No se venía arriba. Habitaba de modo constante un estado de euforia elegante, interior, indescifrable. Recuerdo la cena después de presentar O quinto imperio, la película sobre el rey Sebastián donde todo el sebastianismo femenino fue a parar al actor Ricardo Trepa, nieto de Manoel, galán evidente que desató muchas hormonas en el pase. Aquella cena se convirtió en una de esas pequeñas locuras difíciles de administrar. Y que trataré de escenificar. Era una marisquería. Pero Oliveira estaba empeñado en cenar tortilla española. Las fans de Ricardo Trepa nos iban cercando en torno a la pecera de los lumbrigantes. Yo estudiaba la manera de sacar adelante el interés de un psiquiatra y gerontólogo eminente, que ya había entrevistado a Leni Riefenstahl y a Oscar Niemeyer, por verse con él. Pero Oliveira estaba mucho más por besar a Comba Campoy que por ser estudiado como eternal. El entonces alcalde, Pepe Sánchez Bugallo, y el reciente responsable municipal de Cultura, Néstor Rego, se pasaron la noche en la barra del restaurante y no contribuían a oficiar de anfitriones. Yo veía que hablaban con cierta vehemencia.
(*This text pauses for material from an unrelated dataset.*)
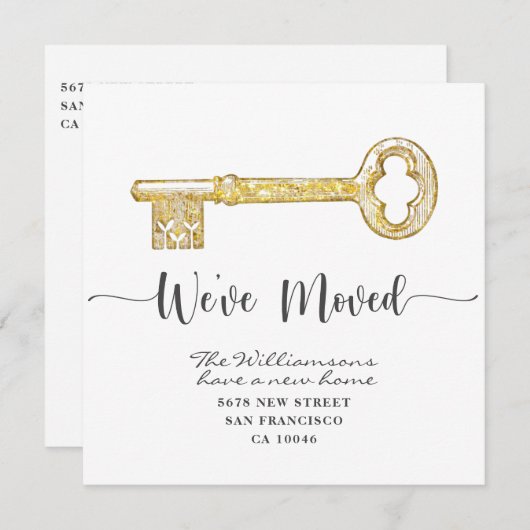 引っ越しましたクラフト鍵の移動発表 案内状 (正面/裏面)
Estaban negociando lo que sería después el gobierno de coalición en Raxoi, que duraría ocho años, pero eso solo lo supe más tarde.
A Manoel le prometió Chema Prado que la tortilla la tendría en la comida del día siguiente, como así fue, aunque para ello hubo que chantajear emocionalmente al chef, explicándole poco menos que aquel era el útimo deseo de un nonagenario. Ricardo Trepa, el nietísimo, se esfumó rumbo a Oporto sin satisfacer ansiedades.
A Manoel volví a verlo en San Sebastián, dos años más tarde, donde presentaba Belle Tojours. Seguía utilizando el bastón como mero fetiche, como Sanson su melena. Y luego en el 2010, en Cannes, inaugurando con O extranho caso de Angélica. Allí cruzó por la alfombra roja del Lumière, que ya impone, más grácil que Pilar López de Ayala, y eso que ella levitaba.
A raíz de un bajón de salud que Oliveira tuvo en el invierno del 2012, el director también portugués Pedro Costa, que se había pasado toda una tarde en Compostela hablándome de cómo se afanaba en las derrotas su Benfica y parodiando al rey Juan Carlos, se puso de pronto muy grave: «El día que muera Manoel no sé lo que pasará. Para Portugal será algo terrible, inasumible».
Fue al primero a quien le envié mis condolencias el jueves santo. Aún no me contestó al e-mail. Pero, tranquilo; eso, en el código de Pedro, quiere decir que todo va bien.